## Logistic Regression Example: Predicting Income Status

### Data Source

The UCI Machine Learning Repository [Census Income Dataset](http://archive.ics.uci.edu/ml/datasets/Census+Income) contains information from a 1994 census in the US. A cleaned version of this dataset, `us_census_income_data_clean.csv`, can be found on our GitHub page [here](https://github.com/vaksakalli/datasets).


### Objective

Our goal is to see if we can predict whether a person makes over \\$50K a year or not using logistic regression for the census dataset.


### Target Feature

Our target feature is `income`, which is a binary feature (high: earns over \\$50k a year, low: earns less than \\$50k a year). 

### Descriptive Features

The descriptive features and their data types are given below. 

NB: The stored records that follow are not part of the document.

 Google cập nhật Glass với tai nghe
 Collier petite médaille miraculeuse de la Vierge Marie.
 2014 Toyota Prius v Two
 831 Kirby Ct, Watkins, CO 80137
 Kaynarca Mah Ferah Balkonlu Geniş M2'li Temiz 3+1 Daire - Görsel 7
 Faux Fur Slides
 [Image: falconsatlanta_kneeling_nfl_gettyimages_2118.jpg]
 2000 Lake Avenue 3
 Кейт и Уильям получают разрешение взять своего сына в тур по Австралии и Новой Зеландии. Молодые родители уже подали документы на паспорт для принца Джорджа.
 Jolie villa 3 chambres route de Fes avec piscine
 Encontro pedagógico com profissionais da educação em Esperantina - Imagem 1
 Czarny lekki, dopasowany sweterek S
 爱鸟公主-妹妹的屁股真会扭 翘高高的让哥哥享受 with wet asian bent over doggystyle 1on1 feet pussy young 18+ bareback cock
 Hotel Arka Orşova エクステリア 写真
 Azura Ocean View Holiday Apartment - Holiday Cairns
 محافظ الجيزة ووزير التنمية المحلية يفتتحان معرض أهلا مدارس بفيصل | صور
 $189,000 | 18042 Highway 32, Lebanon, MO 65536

- **`workclass`**: nominal categorical
- **`education_num`**: numeric
- **`marital_status`**: nominal categorical
- **`occupation`**: nominal categorical
- **`relationship`**: nominal categorical
- **`race`**: binary (White or other)
- **`gender`**: binary (Male or Female)
- **`capital`**: numeric
- **`hours_per_week`**: numeric
- **`native_country`**: binary (United_States or other).

### Exercise 1

First, import the common modules you will be using. And then read in the `us_census_income_data_clean.csv` dataset and display the top 10 rows.

In [1]:
import warnings
warnings.filterwarnings("ignore")

import numpy as np
import pandas as pd
import io
import requests

# so that we can see all the columns
pd.set_option('display.max_columns', None) 

import os, ssl
if (not os.environ.get('PYTHONHTTPSVERIFY', '') and
    getattr(ssl, '_create_unverified_context', None)): 
    ssl._create_default_https_context = ssl._create_unverified_context

df_url = 'https://raw.githubusercontent.com/vaksakalli/datasets/master/us_census_income_data_clean.csv'
url_content = requests.get(df_url).content
data = pd.read_csv(io.StringIO(url_content.decode('utf-8')))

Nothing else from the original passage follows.